## Lab | Web Scraping Multiple Pages
Jorge Castro DAPT NOV 2021

### Instructions

#### Prioritize the MVP

In the previous lab, you had to scrape data about "hot songs". It's critical to be on track with that part, as it was part of the request from the CTO.

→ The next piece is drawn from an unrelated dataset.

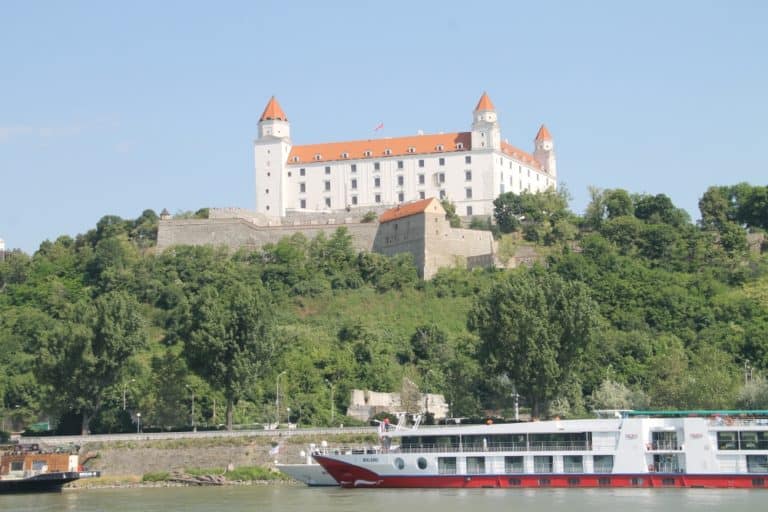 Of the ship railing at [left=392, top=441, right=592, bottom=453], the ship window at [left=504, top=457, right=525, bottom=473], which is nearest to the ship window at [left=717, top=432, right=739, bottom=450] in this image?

If you couldn't finish the first lab, use this time to go back there.

Expand the project
If you're done, you can try to expand the project on your own. Here are a few suggestions:

Find other lists of hot songs on the internet and scrape them too: having a bigger pool of songs will be awesome!
Apply the same logic to other "groups" of songs: the best songs from a decade or from a country / culture / language / genre.
Wikipedia maintains a large collection of lists of songs: https://en.wikipedia.org/wiki/Lists_of_songs

In [60]:
from bs4 import BeautifulSoup
import pandas as pd
import requests

In [61]:
r = requests.get('https://en.wikipedia.org/wiki/List_of_Eurovision_Song_Contest_entries_(2004%E2%80%93present)')

In [62]:
r.status_code

200

In [63]:
html = r.content
soup = BeautifulSoup(html, 'html.parser')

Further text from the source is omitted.